Proximity ligation assay (PLA) offers powerful capabilities for investigating TMEM256 protein interactions:

• Experimental design considerations:

  • Pair TMEM256 antibody with antibodies against suspected interaction partners

  • Select antibodies from different host species (e.g., rabbit anti-TMEM256 with mouse anti-partner)

  • Include appropriate controls (single antibody, known interactors, non-interactors)

• Optimization steps:

  • Test antibody performance individually in immunofluorescence first

  • Optimize fixation to preserve membrane protein interactions (mild fixation preferred)

  • Determine optimal antibody dilutions specifically for PLA (often more dilute than for standard IF)

• Analysis approach:

  • Quantify PLA signals per cell using specialized image analysis software

  • Compare signal distribution relative to cellular compartments

  • Analyze signal proximity to other labeled structures

• Validation strategies:

  • Confirm interactions using orthogonal methods (co-IP, FRET)

  • Use siRNA knockdown of TMEM256 to verify specificity

  • Test interaction under different physiological conditions

This approach enables detection of endogenous protein-protein interactions in situ without protein overexpression or tags, providing insights into TMEM256's physiological interaction network.

What considerations should guide researchers integrating TMEM256 into multi-omics studies?
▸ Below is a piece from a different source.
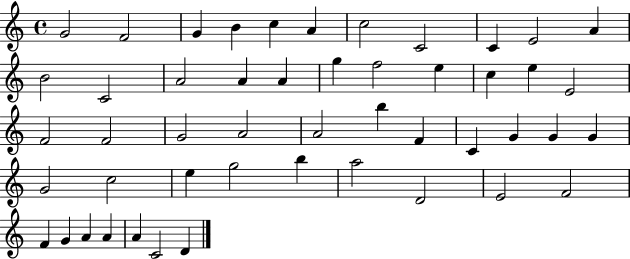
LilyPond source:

For successful integration of TMEM256 into multi-omics research:

• Cross-platform data alignment:

  • Map protein detection (antibody-based) to transcriptomic data

  • Account for temporal differences between mRNA and protein expression

  • Consider post-translational modifications not captured at RNA level

• Functional network construction:

  • Integrate TMEM256 into protein-protein interaction networks

  • Analyze co-expression patterns across -omics layers

  • Identify regulatory relationships using causal network analysis

• Technical considerations:

  • Select compatible sample preparation methods across platforms

  • Implement batch correction and normalization strategies

  • Develop integrated visualization approaches

• Validation strategy:

  • Design targeted validation experiments for key findings

  • Use orthogonal methods to verify cross-platform observations

  • Implement machine learning approaches to integrate diverse data types

This integrated approach provides a comprehensive understanding of TMEM256's role within the broader cellular context and reveals potential functional relationships not evident in single-omics studies.
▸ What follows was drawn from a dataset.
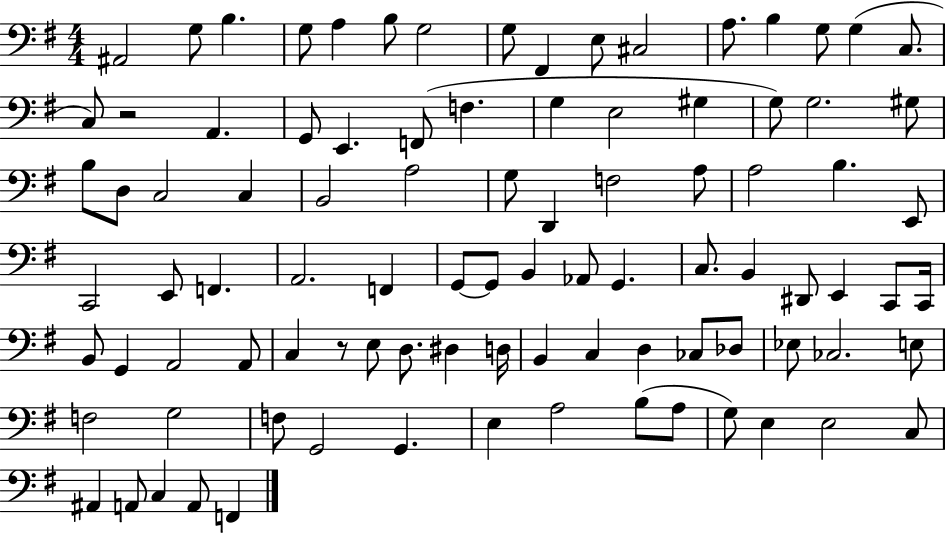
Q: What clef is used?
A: bass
How can researchers develop quantitative assays for measuring TMEM256 levels in biological samples?

Developing robust quantitative assays for TMEM256:

• ELISA development considerations:

  • Use purified recombinant TMEM256 protein for standard curve generation

  • Select capture and detection antibodies recognizing distinct epitopes

  • Optimize sample preparation to solubilize membrane proteins effectively

  • Validate assay linearity, precision, accuracy, and detection limits

• Mass spectrometry approach:

  • Identify reliable proteotypic peptides unique to TMEM256

  • Develop targeted MS methods (PRM or MRM) for specific detection

  • Use isotope-labeled standards for absolute quantification

  • Optimize membrane protein extraction protocols

• Flow cytometry quantification:

  • Use antibodies with defined binding capacity

  • Implement calibration with beads of known antibody binding capacity

  • Convert fluorescence intensity to molecules of equivalent soluble fluorochrome (MESF)
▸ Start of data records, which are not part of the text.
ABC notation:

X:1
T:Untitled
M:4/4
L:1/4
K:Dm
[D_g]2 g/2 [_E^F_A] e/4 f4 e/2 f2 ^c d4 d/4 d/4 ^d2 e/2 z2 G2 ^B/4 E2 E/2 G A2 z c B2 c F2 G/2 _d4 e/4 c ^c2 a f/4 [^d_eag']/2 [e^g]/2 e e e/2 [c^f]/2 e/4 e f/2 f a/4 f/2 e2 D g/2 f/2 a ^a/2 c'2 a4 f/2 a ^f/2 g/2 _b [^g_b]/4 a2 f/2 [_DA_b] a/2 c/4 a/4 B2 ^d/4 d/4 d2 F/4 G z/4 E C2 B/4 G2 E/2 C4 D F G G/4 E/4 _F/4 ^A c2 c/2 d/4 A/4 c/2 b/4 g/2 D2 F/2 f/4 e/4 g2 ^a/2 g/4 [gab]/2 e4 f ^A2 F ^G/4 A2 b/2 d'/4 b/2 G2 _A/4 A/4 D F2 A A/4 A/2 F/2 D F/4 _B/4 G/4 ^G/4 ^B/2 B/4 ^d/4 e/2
  • Develop standardized protocols across instruments and facilities

• Digital PCR for transcript quantification:

  • Design primers spanning exon junctions for specificity

  • Use absolute quantification approach with appropriate controls

  • Correlate with protein levels to understand expression regulation

These quantitative approaches enable precise measurement of TMEM256 levels across different sample types and experimental conditions, facilitating comparison between studies and laboratories.